Marcus 5:35-43
35 Nog voor hij uitgesproken was, kwamen enkele mensen tegen de leider van de synagoge zeggen: ‘Uw dochter is gestorven, waarom valt u de meester nog lastig?’ 36 Maar Jezus hoorde dat en zei tegen de leider van de synagoge: ‘Wees niet bang, maar blijf geloven.’ 37 Hij stond niemand toe om met hem mee te gaan, behalve Petrus, Jakobus en Johannes, de broer van Jakobus. 38 Ze kwamen bij het huis van de leider van de synagoge en zagen daar een groep mensen die luid stonden te huilen en te weeklagen. 39 Hij ging naar binnen en zei tegen hen: ‘Waarom maken jullie zo’n misbaar en huilen jullie? Het kind is niet gestorven, het slaapt.’ 40 Ze lachten hem uit. Maar hij stuurde hen allemaal naar buiten en ging met de vader en moeder van het kind en de leerlingen die bij hem waren de kamer van het kind binnen. 41 Hij pakte de hand van het kind vast en zei tegen haar: ‘Talita koem!’ In onze taal betekent dat: ‘Meisje, ik zeg je, sta op!’ 42 Meteen stond het meisje op en begon heen en weer te lopen. Ze was twaalf jaar. Iedereen was met stomheid geslagen. 43 Hij drukte hun op het hart dat niemand dit te weten mocht komen, en zei dat ze haar te eten moesten geven. (NBV)
Vandaag dus het tweede deel van het beroemde verhaal over het dochtertje van Jaïrus. Een verhaal overigens waar maar weinig mensen in geloven willen. Dat is ook lastig want als je het verhaal wil geloven gaat het ineens ergens anders over. We hebben geleerd dat Jezus van Nazareth te laat bij Jaïrus thuis kwam door die vervelende vrouw waar we gisteren over gelezen hebben en dat dat dochtertje inmiddels dood gegaan was. Gelukkig was daar wonderdoener Jezus die haar uit de dood opwekte. Maar dat verhaal staat dus niet in de Bijbel. Het verhaal gaat over een vader, een meisje van 12 en een vrouw die aan bloedvloeiingen leed. Die vrouw was tot de onaanraakbaren gaan horen en Jezus had haar daarvan genezen. Als vader ben je als de dood dat je dochtertje ook iets overkomt. Zeker als ze op het punt staat een jonge vrouw te worden kan de angst ernstig toeslaan. Wat kan een meisje vandaag de dag allemaal wel niet overkomen.

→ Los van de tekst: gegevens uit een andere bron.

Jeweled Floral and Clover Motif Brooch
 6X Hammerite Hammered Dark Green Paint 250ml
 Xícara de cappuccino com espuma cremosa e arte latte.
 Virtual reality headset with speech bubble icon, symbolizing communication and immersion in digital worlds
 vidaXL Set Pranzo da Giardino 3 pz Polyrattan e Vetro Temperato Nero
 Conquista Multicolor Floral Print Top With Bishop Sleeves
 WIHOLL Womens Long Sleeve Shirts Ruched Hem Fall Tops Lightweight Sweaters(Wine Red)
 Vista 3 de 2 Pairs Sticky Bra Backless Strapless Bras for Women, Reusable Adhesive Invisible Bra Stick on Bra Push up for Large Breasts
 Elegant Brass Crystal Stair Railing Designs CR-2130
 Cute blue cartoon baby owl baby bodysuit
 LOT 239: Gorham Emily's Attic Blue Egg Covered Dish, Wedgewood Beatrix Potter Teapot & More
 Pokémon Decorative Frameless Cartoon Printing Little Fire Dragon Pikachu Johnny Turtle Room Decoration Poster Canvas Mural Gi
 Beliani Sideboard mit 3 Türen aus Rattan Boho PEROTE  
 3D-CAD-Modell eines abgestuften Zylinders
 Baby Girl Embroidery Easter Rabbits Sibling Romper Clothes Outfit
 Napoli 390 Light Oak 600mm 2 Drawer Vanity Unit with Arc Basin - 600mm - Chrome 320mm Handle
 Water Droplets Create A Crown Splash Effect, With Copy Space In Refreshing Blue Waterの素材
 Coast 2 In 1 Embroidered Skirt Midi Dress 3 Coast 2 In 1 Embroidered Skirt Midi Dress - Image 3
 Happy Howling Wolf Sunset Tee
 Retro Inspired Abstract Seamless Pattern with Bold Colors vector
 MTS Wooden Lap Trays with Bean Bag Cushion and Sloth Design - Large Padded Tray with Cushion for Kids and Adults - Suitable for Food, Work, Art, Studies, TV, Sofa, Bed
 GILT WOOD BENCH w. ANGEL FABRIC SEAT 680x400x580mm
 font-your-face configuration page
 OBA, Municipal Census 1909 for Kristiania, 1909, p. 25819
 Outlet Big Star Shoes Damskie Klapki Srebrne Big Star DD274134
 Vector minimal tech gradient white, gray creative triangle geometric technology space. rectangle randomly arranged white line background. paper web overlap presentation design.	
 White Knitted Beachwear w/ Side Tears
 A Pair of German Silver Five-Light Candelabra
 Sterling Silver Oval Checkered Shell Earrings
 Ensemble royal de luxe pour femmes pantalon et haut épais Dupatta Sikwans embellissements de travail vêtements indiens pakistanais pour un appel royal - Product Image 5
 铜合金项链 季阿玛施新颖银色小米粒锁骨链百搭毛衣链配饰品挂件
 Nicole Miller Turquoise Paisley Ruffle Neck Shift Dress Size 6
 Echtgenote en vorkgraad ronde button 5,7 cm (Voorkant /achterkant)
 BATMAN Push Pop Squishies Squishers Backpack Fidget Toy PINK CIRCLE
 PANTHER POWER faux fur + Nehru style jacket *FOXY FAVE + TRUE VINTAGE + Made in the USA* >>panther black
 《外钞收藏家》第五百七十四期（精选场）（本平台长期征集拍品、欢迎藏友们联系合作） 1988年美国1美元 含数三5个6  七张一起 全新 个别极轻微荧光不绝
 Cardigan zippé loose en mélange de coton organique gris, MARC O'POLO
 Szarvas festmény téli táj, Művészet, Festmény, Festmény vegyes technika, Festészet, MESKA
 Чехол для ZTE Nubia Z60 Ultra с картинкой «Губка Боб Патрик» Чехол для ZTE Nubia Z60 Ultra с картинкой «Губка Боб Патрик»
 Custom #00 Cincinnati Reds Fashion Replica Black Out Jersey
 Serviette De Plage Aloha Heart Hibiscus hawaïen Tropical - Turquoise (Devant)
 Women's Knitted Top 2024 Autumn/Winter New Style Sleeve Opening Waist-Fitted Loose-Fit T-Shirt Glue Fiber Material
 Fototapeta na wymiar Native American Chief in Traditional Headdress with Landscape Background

Nog niet zo lang geleden is er een groep jonge mannen veroordeeld wegens groepsverkrachting. En het is het een of het ander, ze wordt verkracht of onaanraakbaar. Voor beide zou je ze willen behoeden, ze moet maar kind blijven. Meisjes kunnen onbewust hieraan tegemoet gaan komen. Ze gaan dan aan ernstige eetstoornissen leiden die uiteindelijk ook de dood tot gevolg kunnen hebben. Die eetstoornissen voorkomen de menstruatie. Er zijn zelfs internetsites die ze leren zo mager te blijven dat de volwassenheid kan worden uitgesteld. Er is overigens ook een heel goede site die daartegen waarschuwt en hulp biedt. Langdurige goede psychiatrische hulp is echter nodig om meisjes die er verslaafd aan worden te genezen. Dat kind, kind laten blijven is dus ook de oplossing niet. Jezus van Nazareth reikt het meisje de hand en nodigt haar uit op te staan. Ze mag er bij horen, ze mag jonge vrouw worden, ze mag aangeraakt en gerespecteerd worden.
De volwassenen om haar heen mogen haar ook leren hoe mensen met elkaar en met haar om horen te gaan, daar mag je dus ook open en eerlijk over praten, een meisje mag zich leren wapenen tegen de onzekerheid die haar aantrekkingskracht met zich meebrengt. Ouders moeten haar dan wel verantwoordelijkheid durven geven en haar serieus durven nemen. Daarbij over hun eigen angsten praten kan helpen. Uiteindelijk nodigt Jezus van Nazareth uit de eetstoornis te overwinnen, geef haar te eten is zijn laatste opdracht. En het voorkomen van dergelijke eetstoornissen is heel wat beter dan ze genezen. We moeten dan wel durven geloven dat het dochtertje van Jaïrus dus niet dood was maar sliep en niet uit de dood hoefde te worden opgewekt maar mocht gaan vloeien net als die vrouw die vloeide en er toch mocht bij horen.